In Mckee's scene-by-scene analysis and thematic analysis of Casablanca, he illuminates great subtext and clearly shows how a popular entertainment form can rise to the levels of great art. This analysis was on par with the best analyses I have seen in even graduate-level film classes. Granted, as Richard Walter points out, the analysis may not have helped Julius and Philip Epstein and Howard Koch write the script to Casablanca, but if it can give young writers an appreciation of the artistic level to which our craft can rise (without sacrificing any commercial or storytelling aspects), then kudos to Bobby.
Jeff Kitchen, like Mckee, approaches story from the perspective of a classical dramaturg. He also begins with Aristotle but ends with a mostly unknown turn-of-the-century playwriting teacher, William Thompson Price, founder of The American School of Playwriting. Using Price's work, Kitchen's applies principles of rhetoric and dilemma to structure.
Whereas most other teachers' approach to dilemma is limited to the paradigmatic axis (individual moments), Jeff's concept of dilemma on the syntagmatic axis (structural) is difficult but profound material. Instead of just considering a scene where a character has a dilemma (two equally unacceptable choices) and a difficult choice to make, Kitchen shows how a dramatic script should boil down to one central dilemma for the protagonist. For instance, in The Godfather, Michael's dilemma is that although it is unacceptable to sacrifice his happiness and peaceful life by getting involved with the family crime business, it is equally unacceptable to allow the family to be destroyed by his noninvolvement, as it is becoming increasingly apparent that he is the only one capable of running the business properly.
Kitchen (correctly so) believes that although this is a powerful tool, it is material that may take a long time to sink in. Therefore, he offers a specialized, yet optional, one-day Hands-On Sunday session ($150) where students work with him to apply his tools to their own work.
Besides the structural use of dilemma and Central Proposition, Kitchen offers another structure tool: Sequence, Proposition, Plot. This tool uses reverse causality and backward plotting to effectively eliminate all unnecessary scenes. I won't try to explain it here, but it's a lifesaver if you have ever found yourself “here” in your script and needed logically to get yourself “there.”
To Kitchen's credit, he is the first person who demonstrates a concrete usage for the 39 Dramatic Situations. Whereas David Freeman mostly dismisses the 39 Dramatic Situations by asserting that they don't fit most stories, Kitchen takes the logical and creative jump to taking the word “situation” literally and using them to brainstorm, not necessarily plots, but themes, scenes, subplots and characters.
Although much of Kitchen's class services advanced writers, there is an aspect that would really appeal to young writers. At the end of the seminar, Kitchen literally opens up his notebook to show you his specific method (an application of his theoretical tools) of writing. This may really help a beginner who is still trying to establish a concrete writing method or perhaps an intermediate writer who has had a script fall apart in the middle pages.

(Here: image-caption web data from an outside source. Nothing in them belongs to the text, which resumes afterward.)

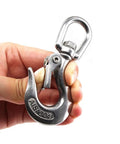 Premium Pro Grade 304 Stainless Steel Swivel Eye Lifting Hook Delivering Smooth 360 Degree Spin And Built Like A Tank For 150 Kg Rigging Jobs In 3/16 Inch Size held in hand.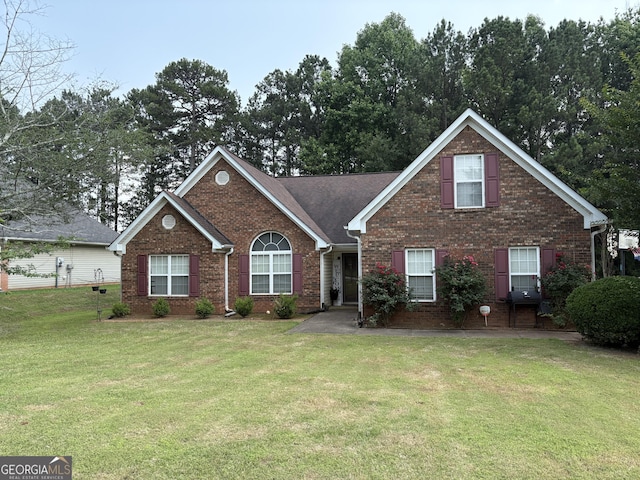85 Bermuda Run Dr, Covington, GA 30016 - view of front facade with brick siding and a front yard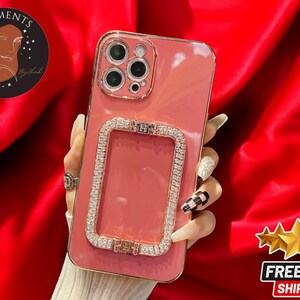 May include: A pink phone case with a gold frame and rhinestones. The case has a cutout for the camera lens and a decorative ring holder.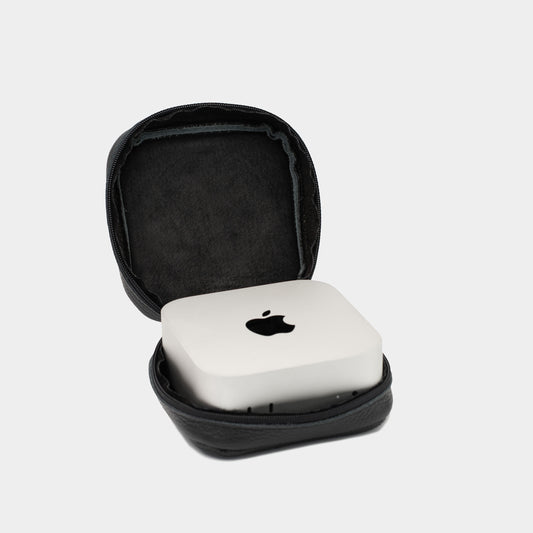 Open black leather Mac Mini case with soft interior lining and Apple Mac Mini placed inside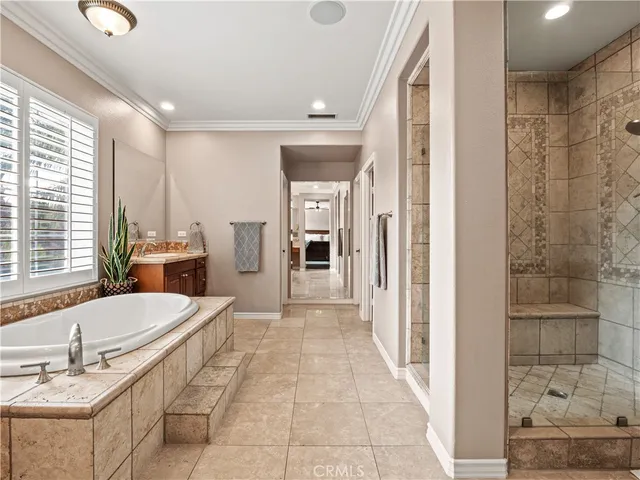 a large spacious bathroom with a double vanity sink a large mirror and a bathtub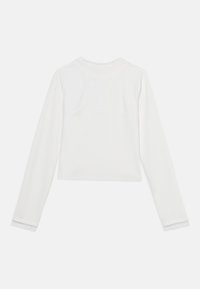 Λευκό τοπ με μακριά μανίκια και στρογγυλή λαιμόκοψη, εφαρμοστή σχεδίαση και λεπτομέρειες χωρίς ραφές στους ώμους. Απαλή ύφανση με ελάχιστες ραφές.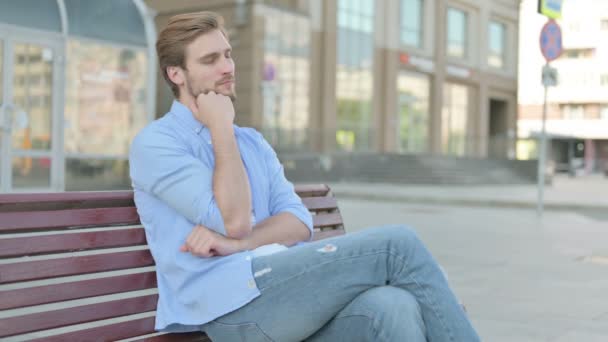 Cansado hombre de mediana edad durmiendo sentado al aire libre en el banco - Metraje, vídeo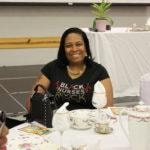 Annual Tea Party 2017 — woman in Black Nurses shirt smiling at table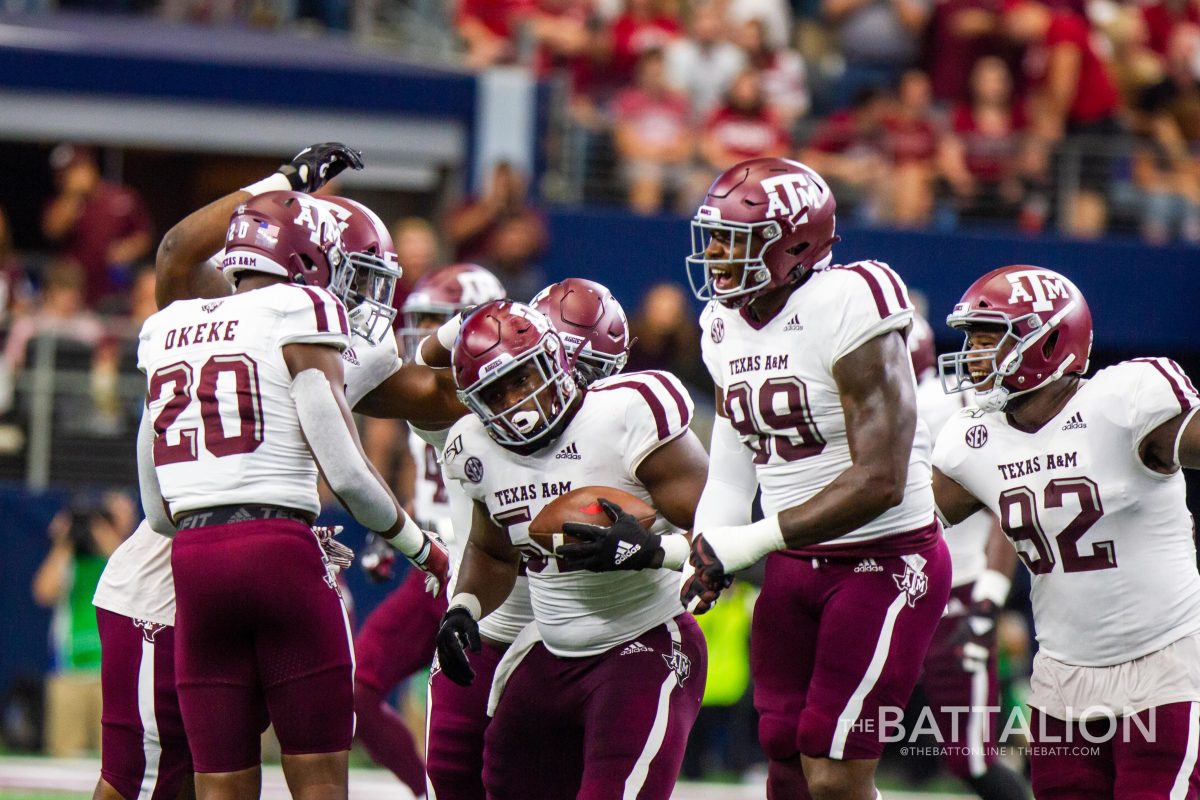 Junior defensive lineman Justin Madubuike celebrates his interception with the Aggie defense.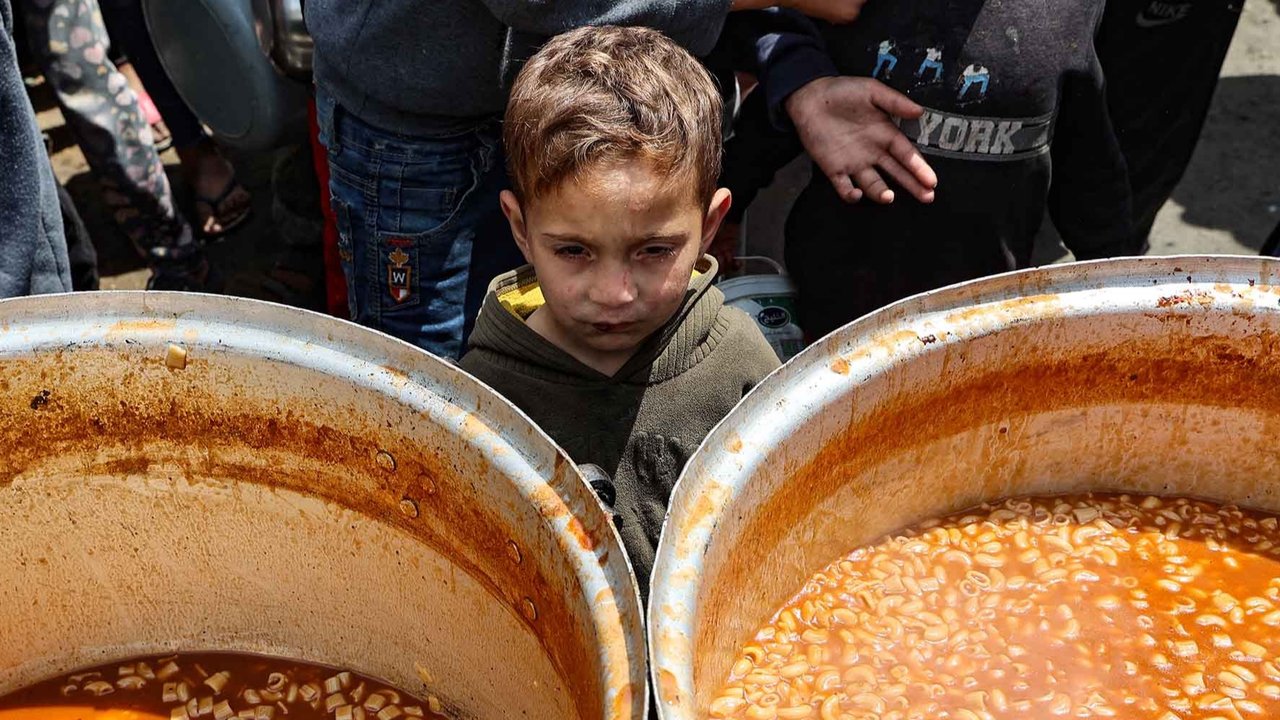Anak-anak  Palestina antri mendapatkan makanan di kamp pengungsi Nuseirat di Jalur Gaza bagian tengah, Sabtu (12/04/2025).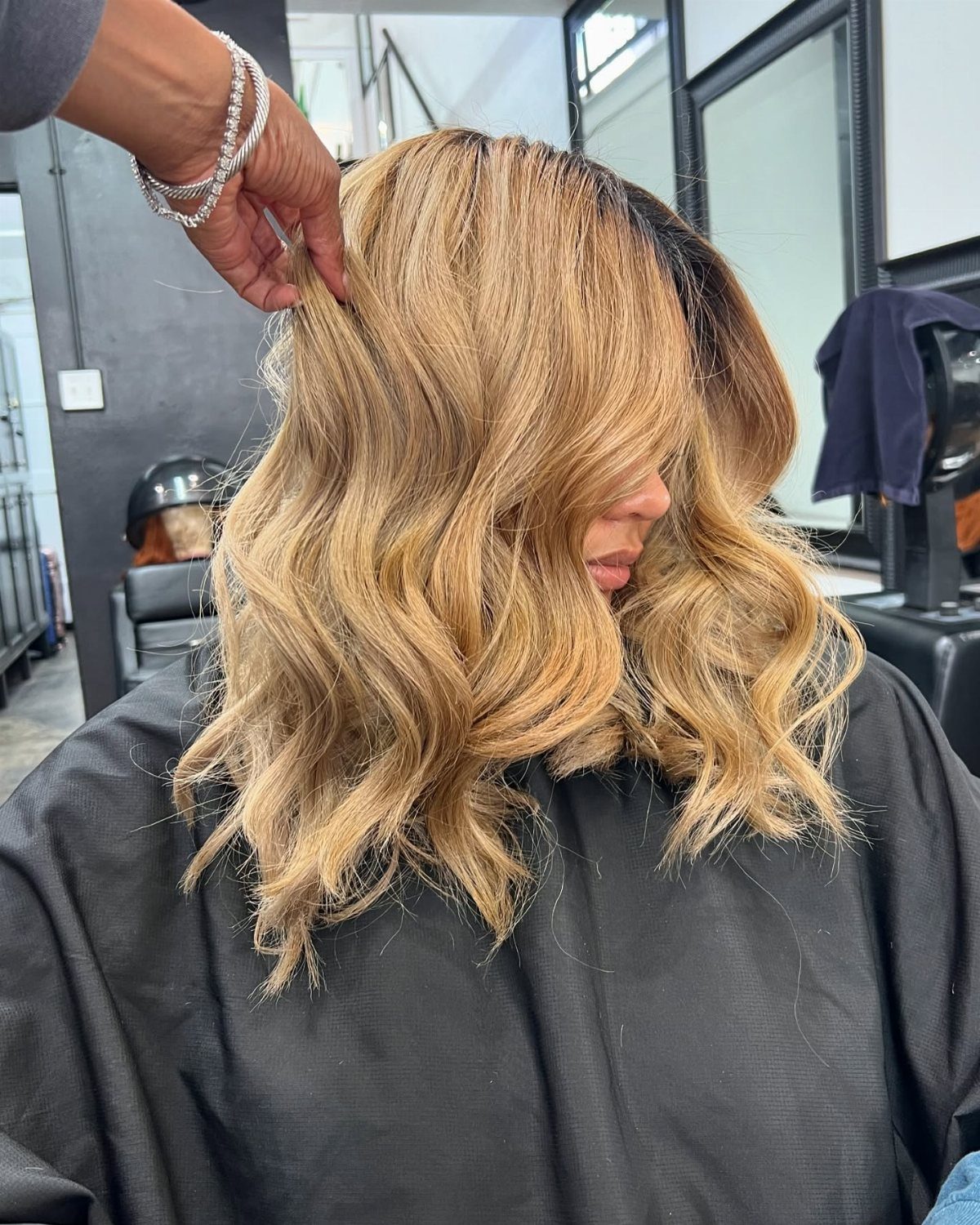 Wavy wheat-blonde hair with lighter highlights being lifted in a salon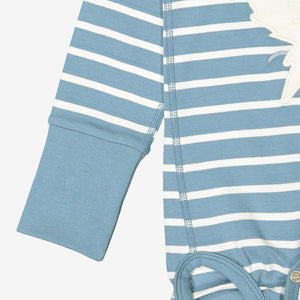 Blue and white striped babygrow showing close of of unique fold-over cuffs giving lots of growing room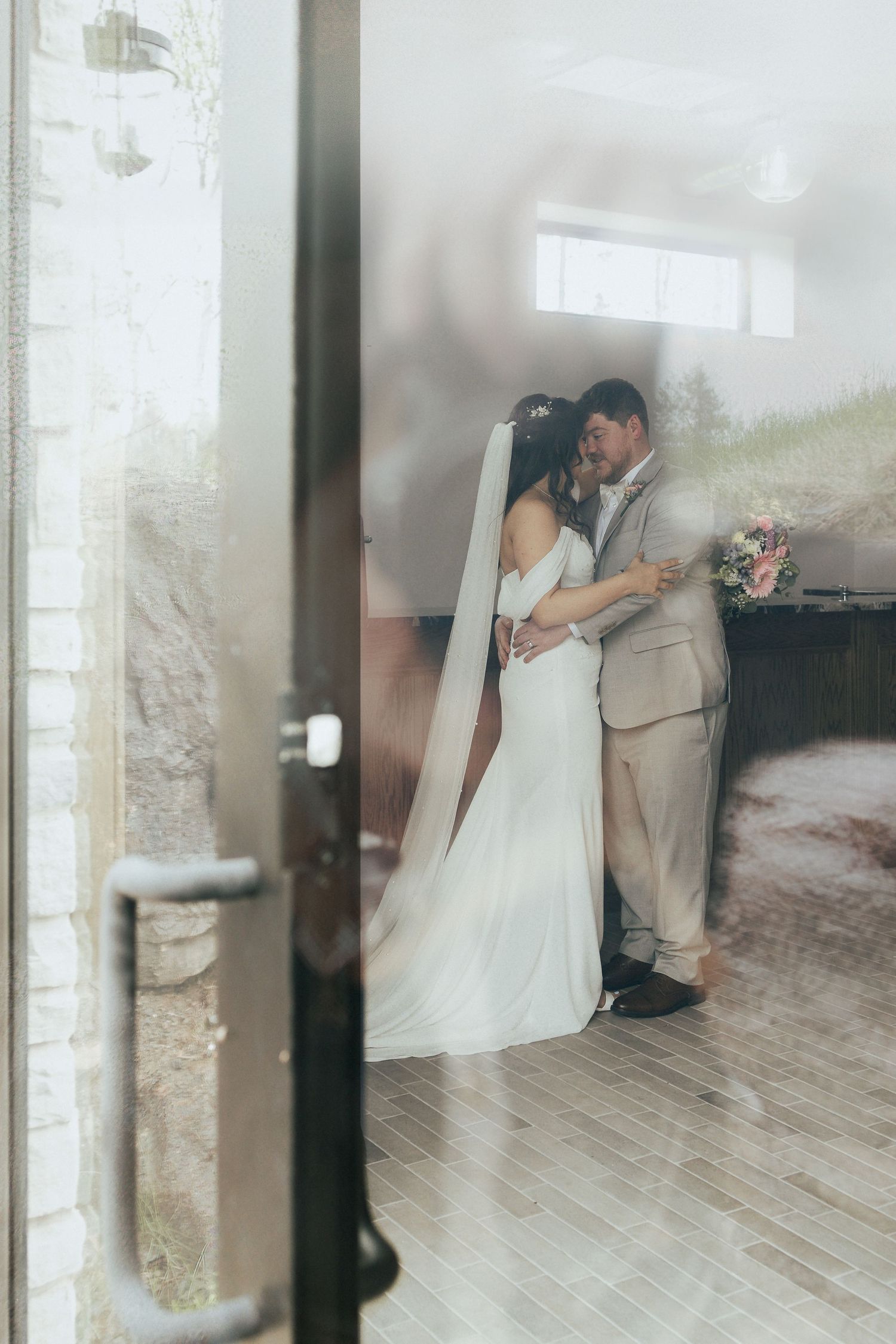 bride and groom embrace during intimate moment, experience focused wedding candid moment caught from outside looking in at couple in Moncton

Kitchen's emphasis on structure makes his seminar almost antithesis of and, therefore, a complement to David Freeman's seminar. Freeman's “Beyond Structure” class, self-billed as the next logical step to McKee, has the unique designation that it dwells least on structure than any of these other classes.
Freeman introduces his students to exhaustive lists of scene-sculpting techniques, plot twists, dialogue tips, rooting techniques and character arcs (to name only some), and supplies clear examples illustrating each of them. He tries to raise his students writing up to, in his own words, “the next level.” Freeman provides numerous tools for making great dialogue and helping expand the dimension and depth of characters and scenes. His approach is anti-intellectual (not anti-intelligent) in that the names and the descriptions of these techniques are devoid of pretentious theory.
Freeman's approach to teaching dialogue differs from McKee's. McKee approaches the topic via structure. McKee argues that knowing the beats/structure of your scene frees you to write great dialogue. Not until you know exactly what subtext your dialogue needs to convey, are you free to be creative and come up with great lines. Freeman's approach relies more on describing and examining recurring patterns and characteristics of good dialogue. A few of the over twenty techniques he names are: “Dropping the first word of a speech”; “A character may start speaking on a tangent”; “A character may have different ways of speaking around different people.” (Imagine the difference between recounting your hot date to your mom as opposed to your best same-sex friend.)
For every one of the techniques he names, Freeman presents a lucid example; his snippets of television dialogue are exceptionally well chosen. I wish he would have touched on the subject of whether or not film dialogue has slightly different requirements than dialogue for television.
His discussion of character was thorough if not groundbreaking, and he made a nice distinction between the dimensionality and depth of character. Freeman's Diamond technique for creating character dimensionality is, excuse the pun, a real gem. This simple tool insures that your characters not only stand out, they stand out from each other.
Although Freeman does not focus on structure, he goes over structure in broad strokes. His tidy and brief overview of structure would seem to apply mostly to high-concept fare which seems to be his strength and passion. The main structural tool he provides is a way to generate several brainstorms for high-concept films by using other films as a starting point.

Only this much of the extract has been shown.